A Woman's Consent
Amid the week celebrating one woman’s consent to bring forth our Savior, I took a deep dive into a film exploring another woman’s ‘yes’ to her desire.
The movie Babygirl looks at the morality of ‘consent’ after a decade of #MeToo and cancel culture. Does a woman’s ‘yes’ to her own degradation justify it? Writer/director Halina Reijn thinks so and employs a slightly idealized version of herself in Nicole Kidman ‘to tell a cautionary tale of what happens when one suppresses her own desires.’ Reijn describes her film as an effort to work out ‘extreme confusion and shame about her sexuality and body.’
I’m not familiar with Reijn, but I like what I know about Nicole Kidman. She appears to be a committed mom and wife, a Catholic, and a seriously hardworking actor who favors edgy projects over her faith.
In Babygirl, Kidman explores her longing to be dominated by men, thoughts her character Romy describes as ‘dark and disgusting and monstrous’ and, well, just who she is.

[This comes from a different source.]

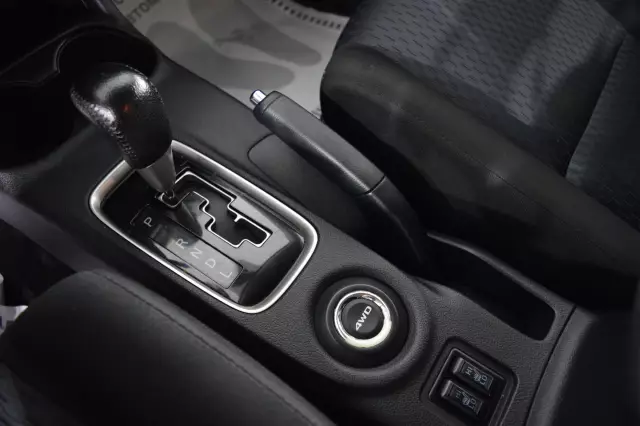 Mitsubishi Outlander 2012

Romy wants to be mastered. The guy she allows to dominate her is a young man with the power to calm down an aggressive dog; the two meet as he calls Fido off her on a city street. Babygirl explores Romy’s consent into descent—to becoming that beast who welcomes his control. Her last sexual gasp is fueled by a fantasy of herself as that dog.
Ok weird. But we are all capable of monstrous desires, and many, like me, have acted them out like animals. Thank God for one woman’s consent!
St. Paul says it like this: ‘When we were kids, we were all slaves to something. But God chose this woman, Mary, who brought forth Jesus to give us the privilege of becoming children of His Father. He gives us His Spirit of sonship so when we are on the verge of descending (yet again) into lesser selves, we can cry out from our deepest place: Father! We don’t have to be slaves to anything or anyone anymore’ (Gal. 4:7-9).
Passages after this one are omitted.